Writing business letters is a forgotten art. The Internet has made us lazy writers. With a few keystrokes, we can kick off a short e-mail without thinking much about content, much less formatting. Have you ever reviewed your own e-mails and discovered misspellings, incomplete sentences, formatting mistakes, and grammatical errors? Usually we think nothing about how our lazy writing negatively affects our e-mails; other people e-mail us the same type of junk all the time. But, still, writing lousy e-mails should not give us the excuse to be lazy writers all the time, online or offline.
Writing business letters may be one of the best skills a business person can possess, especially during these times when few people possess it. The following tips will help you to construct better business letters. You can also adapt these principles to write better business e-mails, in terms of both format, style and tone.
COMPONENTS AND FORMATTING
All business letters are comprised of the following elements, in this order:
Date Recipient’s name and address Salutation Opening paragraph Body Closing paragraph Closing Your name and address
The style of formatting will dictate how these elements are situated on the page. The three most common formatting styles are:
BLOCK: Each part of the letter is left-justified, and the text is single-spaced, except double-spaced paragraph breaks.

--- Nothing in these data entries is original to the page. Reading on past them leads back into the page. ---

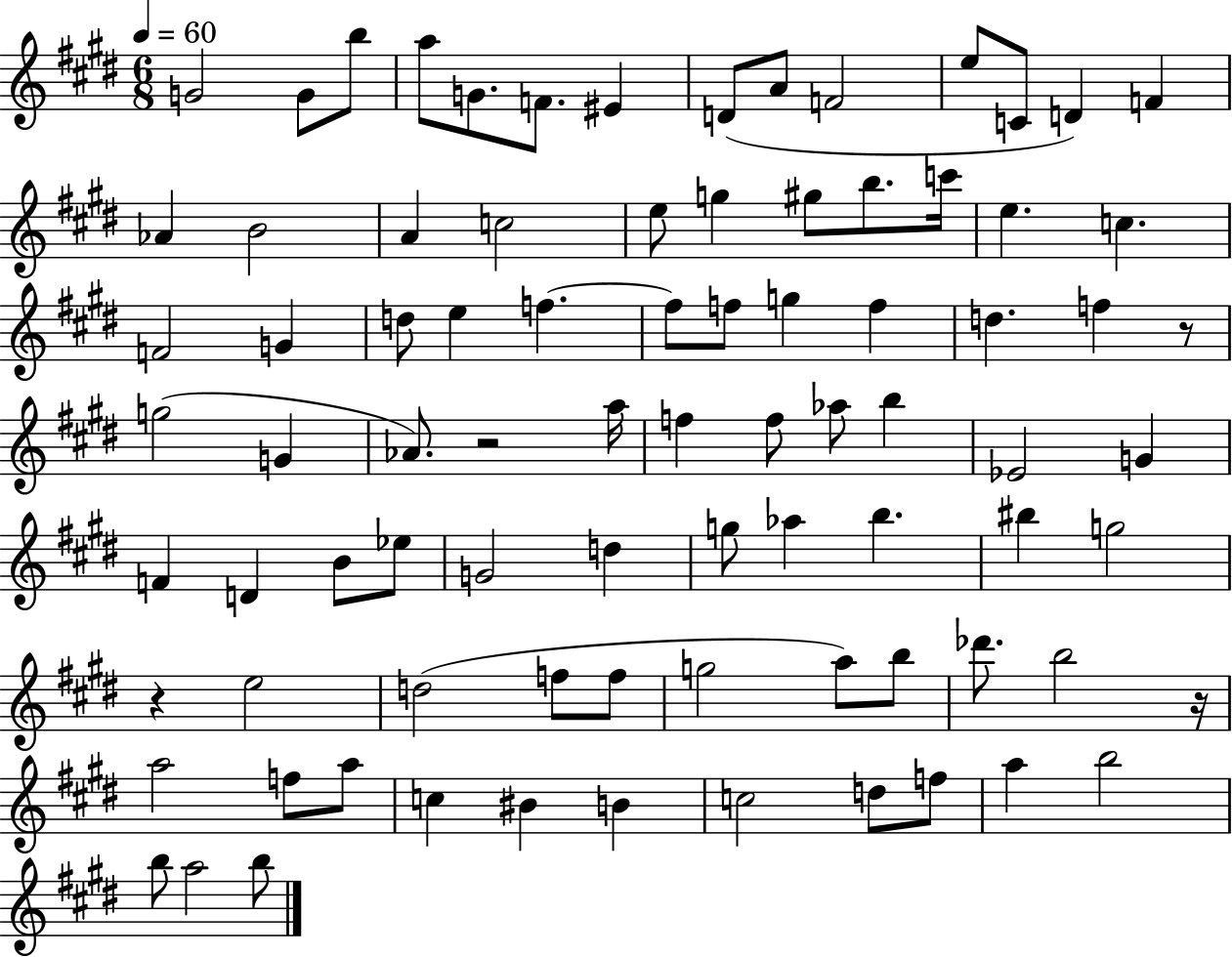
X:1
T:Untitled
M:6/8
L:1/4
K:E
G2 G/2 b/2 a/2 G/2 F/2 ^E D/2 A/2 F2 e/2 C/2 D F _A B2 A c2 e/2 g ^g/2 b/2 c'/4 e c F2 G d/2 e f f/2 f/2 g f d f z/2 g2 G _A/2 z2 a/4 f f/2 _a/2 b _E2 G F D B/2 _e/2 G2 d g/2 _a b ^b g2 z e2 d2 f/2 f/2 g2 a/2 b/2 _d'/2 b2 z/4 a2 f/2 a/2 c ^B B c2 d/2 f/2 a b2 b/2 a2 b/2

MODIFIED BLOCK: The opening, body and closing paragraphs are left-justified and single-spaced, but the date, closing and salutation are center-aligned.
SEMI-BLOCK: Exactly like modified block, except each paragraph is indented, not left-justified.
Regardless of which style you choose, you’ll also need to consider the font; your choice is important, as fancy fonts are sometimes unreadable. The most commonly used and widely accepted font is Times New Roman, size 12. It’s readable, professional, and universally used for business letters. It’s not outside the realm of possibility, however, to take liberties here; you can really use any readable font (Arial, Verdana, Helvetica), but always consider what your recipient would like to see.
Since the principle point of your business letter is to grab and keep the reader’s attention, you’ll need to focus on the opening, the first (and sometimes only) opportunity you have to grab the recipient’s attention. The opening also sets the tone for the entire letter, so it must be as strong and characteristic as possible.
DO get straight to the point. Your recipient doesn’t need a bunch of unnecessary info., especially not right up front. If it doesn’t pertain to or bores them, they’ll just stop reading.
DON’T start with cliché phrases like “I am writing because…” or “With regards to…”. This simply appears that you don’t know where to start. The real message won’t start until after those phrases, so why not eliminate the unnecessary and uncreative words?
DO use strong, active verbs. This keeps the focus on the reader and makes the letter far more interesting. For instance, instead of writing “this offer is being extended to you for a brief period of time,” try “we’re briefly extending this offer to you.” See how much easier that is?
DON’T get longwinded. Keep the opening short and to-the-point, use the best words possible, and never make the reader work for the point of the letter.
This is the meat of the letter, where you’ll fully explain the ideas introduced in the opening. It’s easy to lose momentum here, but this part must be every bit as strong as the opening.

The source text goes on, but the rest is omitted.